■ WHAT THIS TASK INVOLVES
Output everything in the listing exactly, with no line missing.

■ DATASET EXTRACT
= Beginning of Section =

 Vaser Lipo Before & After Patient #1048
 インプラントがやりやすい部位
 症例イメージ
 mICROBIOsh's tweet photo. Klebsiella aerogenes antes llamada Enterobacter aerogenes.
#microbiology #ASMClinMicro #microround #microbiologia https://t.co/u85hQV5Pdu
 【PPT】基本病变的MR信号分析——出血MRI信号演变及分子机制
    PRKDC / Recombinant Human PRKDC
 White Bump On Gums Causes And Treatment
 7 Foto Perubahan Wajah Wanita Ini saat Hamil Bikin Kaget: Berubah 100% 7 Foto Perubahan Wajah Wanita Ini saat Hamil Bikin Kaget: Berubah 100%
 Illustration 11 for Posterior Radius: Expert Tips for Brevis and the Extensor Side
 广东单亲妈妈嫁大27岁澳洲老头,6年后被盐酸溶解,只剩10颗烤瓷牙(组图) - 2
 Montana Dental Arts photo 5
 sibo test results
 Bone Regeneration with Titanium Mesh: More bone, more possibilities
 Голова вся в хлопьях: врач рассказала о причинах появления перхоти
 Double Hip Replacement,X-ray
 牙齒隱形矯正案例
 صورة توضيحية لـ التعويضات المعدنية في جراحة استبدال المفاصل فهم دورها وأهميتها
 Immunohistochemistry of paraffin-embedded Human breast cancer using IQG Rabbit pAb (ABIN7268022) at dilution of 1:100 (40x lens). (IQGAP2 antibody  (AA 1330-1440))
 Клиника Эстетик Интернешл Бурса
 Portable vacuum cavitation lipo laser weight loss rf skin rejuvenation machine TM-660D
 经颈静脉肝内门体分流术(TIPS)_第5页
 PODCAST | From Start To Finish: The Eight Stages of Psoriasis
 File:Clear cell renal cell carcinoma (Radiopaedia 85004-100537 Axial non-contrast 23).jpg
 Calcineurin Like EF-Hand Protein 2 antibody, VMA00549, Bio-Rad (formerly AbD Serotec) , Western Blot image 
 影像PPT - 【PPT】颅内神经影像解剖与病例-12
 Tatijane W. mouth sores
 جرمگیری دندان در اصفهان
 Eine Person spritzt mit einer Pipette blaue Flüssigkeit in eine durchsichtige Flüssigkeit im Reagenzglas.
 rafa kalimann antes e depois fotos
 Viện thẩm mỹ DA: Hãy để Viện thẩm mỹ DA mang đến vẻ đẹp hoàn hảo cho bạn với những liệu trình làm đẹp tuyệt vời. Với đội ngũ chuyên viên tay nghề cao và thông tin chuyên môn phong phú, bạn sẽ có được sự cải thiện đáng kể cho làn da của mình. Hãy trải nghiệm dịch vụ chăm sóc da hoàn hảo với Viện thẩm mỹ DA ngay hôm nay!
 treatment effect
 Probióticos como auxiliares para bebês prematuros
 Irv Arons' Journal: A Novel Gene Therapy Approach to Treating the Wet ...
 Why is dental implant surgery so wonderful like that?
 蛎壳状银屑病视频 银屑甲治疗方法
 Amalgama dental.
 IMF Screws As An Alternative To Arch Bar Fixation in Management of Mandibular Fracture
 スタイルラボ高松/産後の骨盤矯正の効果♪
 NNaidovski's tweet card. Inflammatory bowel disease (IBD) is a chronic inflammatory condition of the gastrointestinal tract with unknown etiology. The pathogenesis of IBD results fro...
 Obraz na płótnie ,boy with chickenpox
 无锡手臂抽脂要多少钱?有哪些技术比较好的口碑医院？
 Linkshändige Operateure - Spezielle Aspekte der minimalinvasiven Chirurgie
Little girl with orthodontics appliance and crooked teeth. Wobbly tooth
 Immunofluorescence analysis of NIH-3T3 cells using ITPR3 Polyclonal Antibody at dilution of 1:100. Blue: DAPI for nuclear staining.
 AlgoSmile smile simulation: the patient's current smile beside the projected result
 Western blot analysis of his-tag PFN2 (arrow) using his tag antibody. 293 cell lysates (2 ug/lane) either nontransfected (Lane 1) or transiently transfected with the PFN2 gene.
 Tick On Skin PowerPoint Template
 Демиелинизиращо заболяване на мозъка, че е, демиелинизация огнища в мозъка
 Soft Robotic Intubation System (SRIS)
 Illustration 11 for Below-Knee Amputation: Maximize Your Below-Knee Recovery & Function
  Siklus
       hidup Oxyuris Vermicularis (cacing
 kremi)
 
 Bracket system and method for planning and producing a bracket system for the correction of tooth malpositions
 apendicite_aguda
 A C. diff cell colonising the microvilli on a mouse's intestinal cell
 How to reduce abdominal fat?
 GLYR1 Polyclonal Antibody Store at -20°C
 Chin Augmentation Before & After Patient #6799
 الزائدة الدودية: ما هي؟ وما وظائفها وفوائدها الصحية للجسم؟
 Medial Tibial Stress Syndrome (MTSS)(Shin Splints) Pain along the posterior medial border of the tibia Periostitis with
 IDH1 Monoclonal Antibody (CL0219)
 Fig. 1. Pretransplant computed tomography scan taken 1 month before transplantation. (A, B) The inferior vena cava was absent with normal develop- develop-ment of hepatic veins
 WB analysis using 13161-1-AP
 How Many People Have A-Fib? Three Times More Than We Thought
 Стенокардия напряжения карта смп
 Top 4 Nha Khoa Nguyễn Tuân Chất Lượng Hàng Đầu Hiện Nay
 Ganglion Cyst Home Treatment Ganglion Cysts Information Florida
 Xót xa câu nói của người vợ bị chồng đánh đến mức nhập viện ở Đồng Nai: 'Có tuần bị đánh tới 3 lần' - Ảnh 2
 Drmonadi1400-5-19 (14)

= End of Section =

■ WORKED SOLUTION
 Vaser Lipo Before & After Patient #1048
 インプラントがやりやすい部位
 症例イメージ
 mICROBIOsh's tweet photo. Klebsiella aerogenes antes llamada Enterobacter aerogenes.
#microbiology #ASMClinMicro #microround #microbiologia https://t.co/u85hQV5Pdu
 【PPT】基本病变的MR信号分析——出血MRI信号演变及分子机制
    PRKDC / Recombinant Human PRKDC
 White Bump On Gums Causes And Treatment
 7 Foto Perubahan Wajah Wanita Ini saat Hamil Bikin Kaget: Berubah 100% 7 Foto Perubahan Wajah Wanita Ini saat Hamil Bikin Kaget: Berubah 100%
 Illustration 11 for Posterior Radius: Expert Tips for Brevis and the Extensor Side
 广东单亲妈妈嫁大27岁澳洲老头,6年后被盐酸溶解,只剩10颗烤瓷牙(组图) - 2
 Montana Dental Arts photo 5
 sibo test results
 Bone Regeneration with Titanium Mesh: More bone, more possibilities
 Голова вся в хлопьях: врач рассказала о причинах появления перхоти
 Double Hip Replacement,X-ray
 牙齒隱形矯正案例
 صورة توضيحية لـ التعويضات المعدنية في جراحة استبدال المفاصل فهم دورها وأهميتها
 Immunohistochemistry of paraffin-embedded Human breast cancer using IQG Rabbit pAb (ABIN7268022) at dilution of 1:100 (40x lens). (IQGAP2 antibody  (AA 1330-1440))
 Клиника Эстетик Интернешл Бурса
 Portable vacuum cavitation lipo laser weight loss rf skin rejuvenation machine TM-660D
 经颈静脉肝内门体分流术(TIPS)_第5页
 PODCAST | From Start To Finish: The Eight Stages of Psoriasis
 File:Clear cell renal cell carcinoma (Radiopaedia 85004-100537 Axial non-contrast 23).jpg
 Calcineurin Like EF-Hand Protein 2 antibody, VMA00549, Bio-Rad (formerly AbD Serotec) , Western Blot image 
 影像PPT - 【PPT】颅内神经影像解剖与病例-12
 Tatijane W. mouth sores
 جرمگیری دندان در اصفهان
 Eine Person spritzt mit einer Pipette blaue Flüssigkeit in eine durchsichtige Flüssigkeit im Reagenzglas.
 rafa kalimann antes e depois fotos
 Viện thẩm mỹ DA: Hãy để Viện thẩm mỹ DA mang đến vẻ đẹp hoàn hảo cho bạn với những liệu trình làm đẹp tuyệt vời. Với đội ngũ chuyên viên tay nghề cao và thông tin chuyên môn phong phú, bạn sẽ có được sự cải thiện đáng kể cho làn da của mình. Hãy trải nghiệm dịch vụ chăm sóc da hoàn hảo với Viện thẩm mỹ DA ngay hôm nay!
 treatment effect
 Probióticos como auxiliares para bebês prematuros
 Irv Arons' Journal: A Novel Gene Therapy Approach to Treating the Wet ...
 Why is dental implant surgery so wonderful like that?
 蛎壳状银屑病视频 银屑甲治疗方法
 Amalgama dental.
 IMF Screws As An Alternative To Arch Bar Fixation in Management of Mandibular Fracture
 スタイルラボ高松/産後の骨盤矯正の効果♪
 NNaidovski's tweet card. Inflammatory bowel disease (IBD) is a chronic inflammatory condition of the gastrointestinal tract with unknown etiology. The pathogenesis of IBD results fro...
 Obraz na płótnie ,boy with chickenpox
 无锡手臂抽脂要多少钱?有哪些技术比较好的口碑医院？
 Linkshändige Operateure - Spezielle Aspekte der minimalinvasiven Chirurgie
Little girl with orthodontics appliance and crooked teeth. Wobbly tooth
 Immunofluorescence analysis of NIH-3T3 cells using ITPR3 Polyclonal Antibody at dilution of 1:100. Blue: DAPI for nuclear staining.
 AlgoSmile smile simulation: the patient's current smile beside the projected result
 Western blot analysis of his-tag PFN2 (arrow) using his tag antibody. 293 cell lysates (2 ug/lane) either nontransfected (Lane 1) or transiently transfected with the PFN2 gene.
 Tick On Skin PowerPoint Template
 Демиелинизиращо заболяване на мозъка, че е, демиелинизация огнища в мозъка
 Soft Robotic Intubation System (SRIS)
 Illustration 11 for Below-Knee Amputation: Maximize Your Below-Knee Recovery & Function
  Siklus
       hidup Oxyuris Vermicularis (cacing
 kremi)
 
 Bracket system and method for planning and producing a bracket system for the correction of tooth malpositions
 apendicite_aguda
 A C. diff cell colonising the microvilli on a mouse's intestinal cell
 How to reduce abdominal fat?
 GLYR1 Polyclonal Antibody Store at -20°C
 Chin Augmentation Before & After Patient #6799
 الزائدة الدودية: ما هي؟ وما وظائفها وفوائدها الصحية للجسم؟
 Medial Tibial Stress Syndrome (MTSS)(Shin Splints) Pain along the posterior medial border of the tibia Periostitis with
 IDH1 Monoclonal Antibody (CL0219)
 Fig. 1. Pretransplant computed tomography scan taken 1 month before transplantation. (A, B) The inferior vena cava was absent with normal develop- develop-ment of hepatic veins
 WB analysis using 13161-1-AP
 How Many People Have A-Fib? Three Times More Than We Thought
 Стенокардия напряжения карта смп
 Top 4 Nha Khoa Nguyễn Tuân Chất Lượng Hàng Đầu Hiện Nay
 Ganglion Cyst Home Treatment Ganglion Cysts Information Florida
 Xót xa câu nói của người vợ bị chồng đánh đến mức nhập viện ở Đồng Nai: 'Có tuần bị đánh tới 3 lần' - Ảnh 2
 Drmonadi1400-5-19 (14)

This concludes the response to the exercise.